Plaintiffs assert in their Brief and in oral arguments conducted herein that Paragraph 10 precludes only automatic forfeiture. However, the easy answer to this contention is that the forfeiture of an oil and gas lease for the violation of an implied covenant, is never automatically accomplished. Litigation is necessary unless the parties should agree to a cancellation of the lease between themselves. Therefore, this contention of Plaintiffs’ is without legal basis.
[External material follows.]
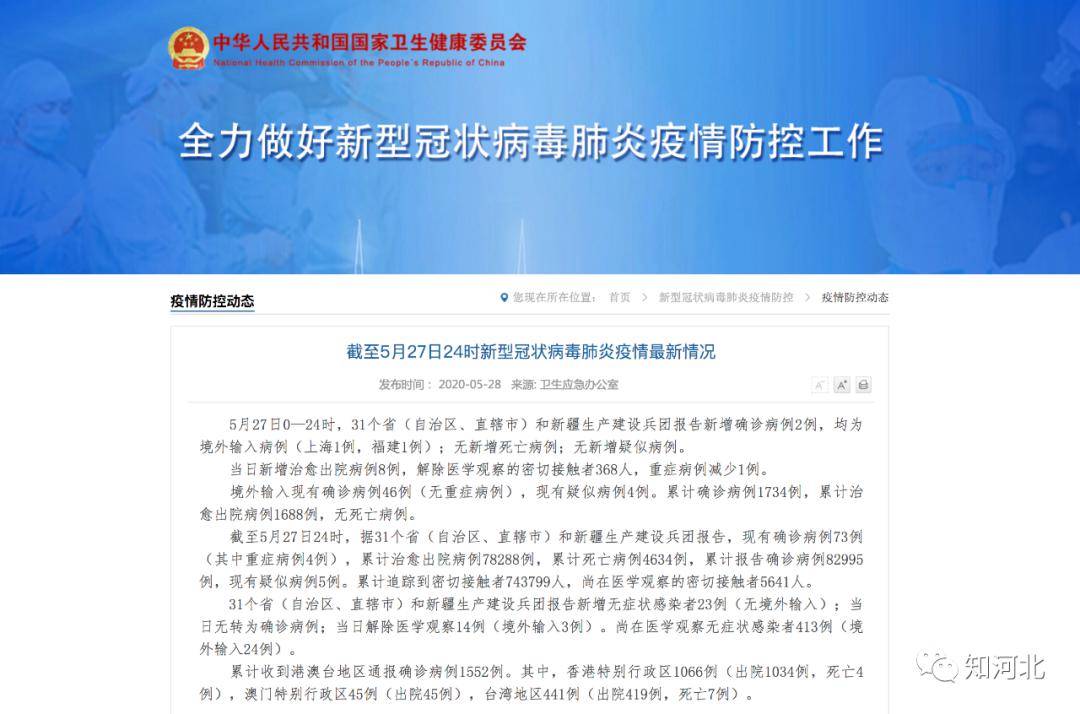 31省区市新增境外输入17例/31省区市新增1例境外输入 31省区市新增境外输入17例/31省区市新增1例境外输入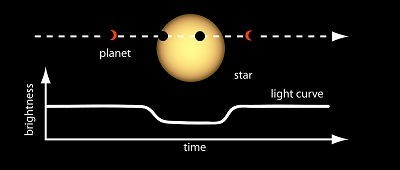 Light Curve p02 - 400px.jpg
The parties to an oil and gas lease in Oklahoma may lawfully contract with respect to the implied covenant to develop. The familiar delay rental contract is an example. There is no statutory prohibition against such a contract. When the parties expressly contract regarding an implied covenant and contract against its effect, in whole or in part, the express agreement controls over the implied covenant. Central States Production Corporation v. Jordan, 184 Okl. 262, 86 P.2d 790 (1939); Southwestern Oil Co. v. Kersey, et al., 80 Okl. 135, 195 P. 120 (1921); Eastern Oil Co. v. Beatty, 71 Okl. 275, 177 P. 104 (1918); Southwestern Oil Co. v. McDaniel, 71 Okl. 142, 175 P. 920 (1918); I. T. I. O. v. Rosamond, 190 Okl. 46, 120 P.2d 349 (1941).
Regarding forfeiture of oil and gas leases, Dr. Merrill says in “Covenants Implied in Oil & Gas Leases,” 2nd Ed., 1959 Pocket Part, p. 126:
“Probably the parties by contractual stipulation may bar the remedy of forfeiture, unless such compacts are forbidden by statute. However, to be effectual, a contract precluding forfeiture must clearly state that such is its objective.”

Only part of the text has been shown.